Climate change also will increase the cost of basic necessities such as water, food, and electricity, the report predicts. That's more bad news for low-income families, who already spend a bigger proportion of their income on these household needs than higher-income families. Climate change is expected to drastically cut jobs or cause major employment shifts in agriculture and other fields that employ poor people of color. The study suggests that changing weather and precipitation patterns due to climate change will make the job market for seasonal agricultural workers -- 77 percent of whom are Latino and poor -- more unstable.

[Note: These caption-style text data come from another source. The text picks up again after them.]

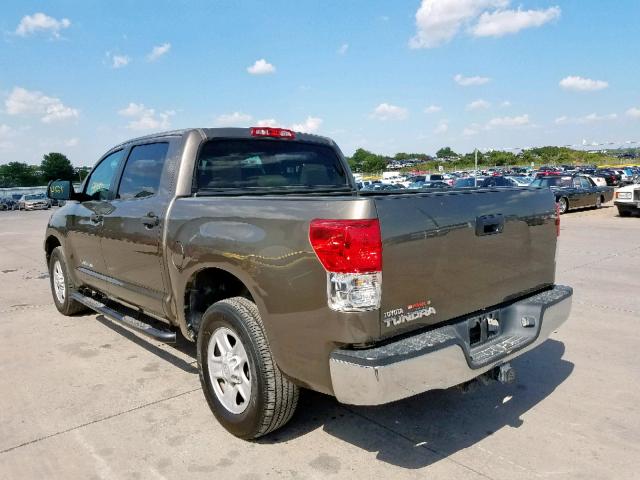 5TFEM5F16AX010418 - 2010 TOYOTA TUNDRA CRE GRAY photo 3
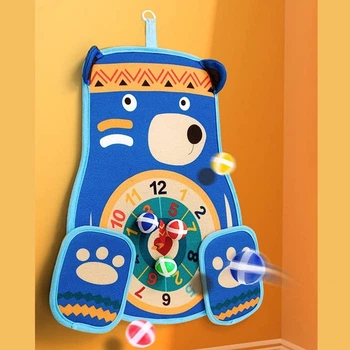 Игра Двусторонний дартс "Мишка", 6 липких шариков и 1 игровой щит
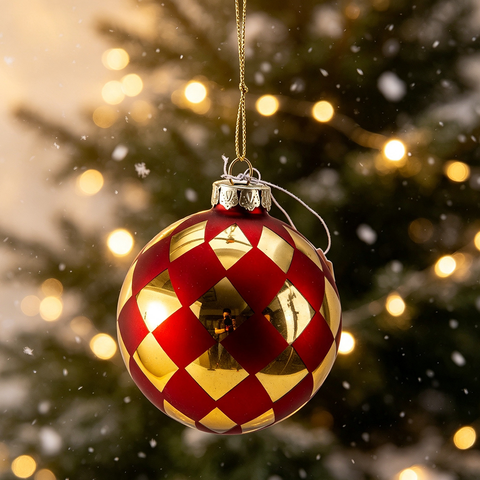 Glass Christmas ball for Party Decoration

Among the report's recommendations to narrow the climate gap are:
- Using new mapping technologies to identify vulnerable neighborhoods
- Choosing an auction or fee-based system for carbon-emission credits that would generate revenue and help poor families afford the higher costs of water, food, and electricity
- Seizing the opportunity to cut greenhouse gases from sources that also cause toxic air pollution in neighborhoods with the worst air quality
- Training people most likely to lose their current job because of climate change for jobs in the new economy
- Focusing extreme weather education and intervention efforts in low-income neighborhoods and communities of color
The study was published by the USC Center for Sustainable Cities. In addition to Sadd, the report's co-authors are Rachel Morello-Frosch, associate professor of environmental science, policy and management at the UC Berkeley School of Public Health; Manuel Pastor, USC professor of geography, American studies and ethnicity; and Seth Shonkoff, a Ph.D. candidate in environmental science, policy and management at UC Berkeley.